The digital payments growth in India has positioned the country as a global fintech leader, with online transactions growing 80% in 2020 and UPI transactions witnessing a 120% growth last year, further accelerated by the pandemic. The convenience and ease offered by digital payments continue to sustain the use of online transactions even after continuous lockdowns.
Additionally, the current 160 million unique mobile payment users will multiply by 5 times to reach nearly 800 million by 2025, provided the government policies are focused on customer satisfaction, financial inclusion and digitization of merchants. The Reserve Bank of India (RBI) has released its revised guidelines on online data storage. Upon the update coming into effect in January 2022, cardholders may have to enter their 16-digit card number every time they shop online as opposed to entering the one-time password (OTP) and card verification value (CVV). The RBI is proposing another rule change that regards banning the storage of payment card numbers by online merchants, payment aggregators, and ecommerce websites.
According to RBI, while the guidelines will be technology and platform agnostic, it will create an enhanced and enabling environment for customers to use digital payment products in a more safe and secure manner.’ Empower India, a leading policy think tank, organised a discussion on the new regulation to arrive at a recommendation on best practices to implement the tokenisation regime. Avimukt Dar, Senior and Founding Partner, IndusLaw, said, The RBI’s framework for processing of e-mandates institutes compliance burden on customers as well as businesses which might lead to frequent occurrence of transaction failures, hamper user experience and customer satisfaction, and limit product innovation.
Dr. Aruna Sharma IAS, Former Secretary, Govt. of India, said, Card-On-File technology has internal tokenization procedures that encrypt card data. However, this will affect innovations such as single-click payments. It also takes refunds and dispute resolution away from the control of merchants. As per DPIIT directions, merchants are to be held responsible for frauds, but they are denied access to data on their own platform. This will lead to data aggregating being concentrated in a few hands who will be prone to cyber-attacks. Any system failure here will affect the entire chain.

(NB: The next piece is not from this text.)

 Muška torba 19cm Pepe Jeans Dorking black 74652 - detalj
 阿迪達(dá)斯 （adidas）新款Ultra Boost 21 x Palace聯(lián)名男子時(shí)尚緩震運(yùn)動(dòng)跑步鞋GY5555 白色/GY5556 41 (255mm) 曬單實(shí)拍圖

Ms. Shreya Suri, Partner, IndusLaw, was of the opinion that, The preparedness of the industry will soon be under the scanner on the issue of restriction on storage of CoF data by payment aggregators and merchants and the guidelines to adopt tokenization as a possible solution. The merchant, issuer bank, payment aggregator and the acquiring bank involved in the transaction will come to rely solely on the token issued by the card network provider. This will make the e-mandate architecture redundant for many use-cases, and requires clear guidelines on the inter-play and co-existence of the two.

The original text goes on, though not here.